French Line Infantry

Forty kilometres east of Metz along the main road lies the town of Saint-Avold, from which several routes lead towards the German frontier. Arriving at Saint-Avold on 29 July, the emperor met the commander of 2 Corps, a general he knew well. Charles Frossard had been tutor to the Prince Imperial, and as a military engineer was thoroughly familiar with the uplands of Lorraine. Before the war he had drawn up plans for the French to block a German advance from the north-east by taking up a defensive line along the formidable heights above the Saar valley. His 28,000 troops were now encamped around Forbach, on the road that leads northeast from Saint-Avold to the frontier, beyond which it continues to the German town of Saarbrücken on the left bank of the Saar. Frossard convinced the emperor that it would be useful to take Saarbrücken and, as the army was not yet ready for a major offensive, Napoleon agreed. Such a move would be a sop to impatient French public opinion and to expectations within the ranks of the army itself, and would signal to Austria and Italy, whom Napoleon still hoped to bring into an alliance, that France was in earnest.

Napoleon gave his orders the next day, 30 July, leaving the operational details to his generals. At a council of war they concluded that it would be unsafe to venture beyond the Saar, and drew up elaborate plans for Frossard’s advance to be supported by demonstrations by divisions of neighbouring corps: Failly’s 5th on his right and Bazaine’s 3rd on his left.
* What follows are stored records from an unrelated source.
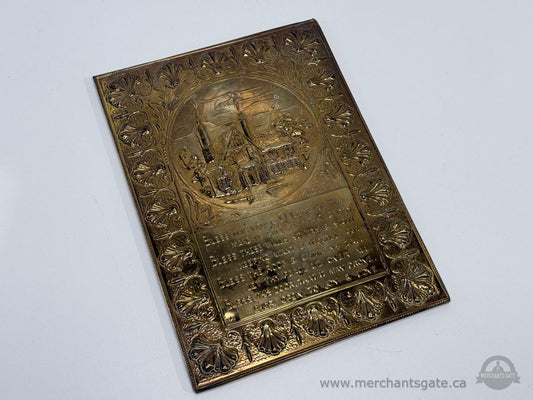 Vintage Brass Bless This House Wall Plaque Cottage Prayer Decor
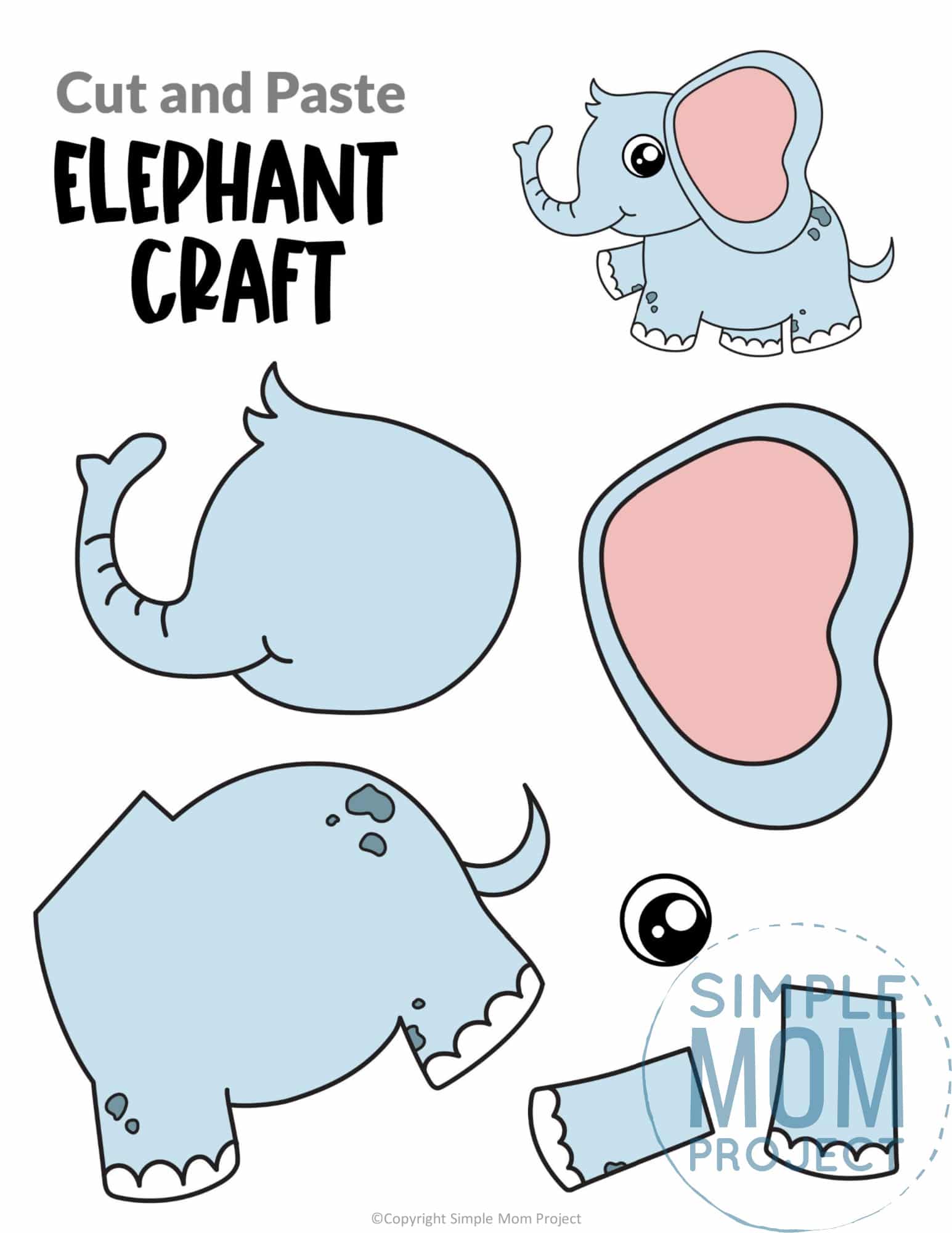Elephant Cut and Paste Craft for Toddlers, Preschoolers and Kindergarteners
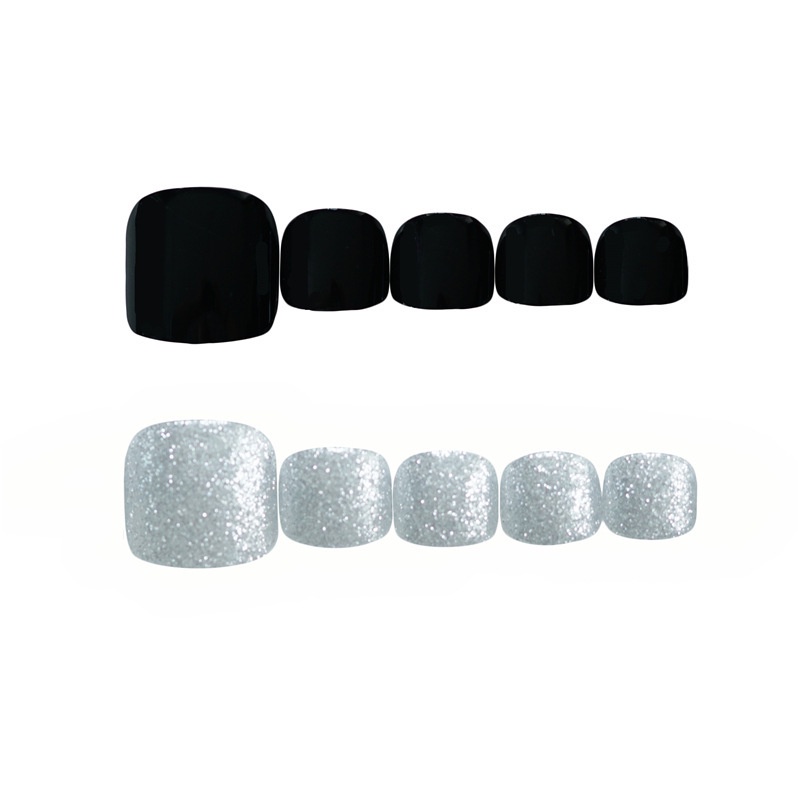 ❤️Set 24 móng chân giả đen nhũ bạc thiết kế sang chảnh Jojo J90 móng giả móng úp nailbox rẻ đẹp thời trang cao cấp❤️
Saarbrücken, then a town of 8,000 people, was overlooked by a chain of low hills to its south, one of which was crowned by the drill-ground of the garrison and a pleasure-garden. The French assaulted these hills in mid-morning of a warm 2 August, and soon discovered that they had taken a sledgehammer to crack a nut. The position was held only by a battalion of infantry and three cavalry squadrons, who after a sharp fire-fight followed their orders to withdraw if attacked by a superior force. The whole affair was over by midday, witnessed from a distance by Napoleon and the Prince Imperial, whose exploit in picking up a spent bullet was made much of by the jubilant Paris press. Casualties were about ninety men apiece. From the hills they had captured, the French fired their mitrailleuses after the hastily retreating Germans and lobbed shells towards the railway station, which damaged houses in the suburbs, much to the indignation of the German press.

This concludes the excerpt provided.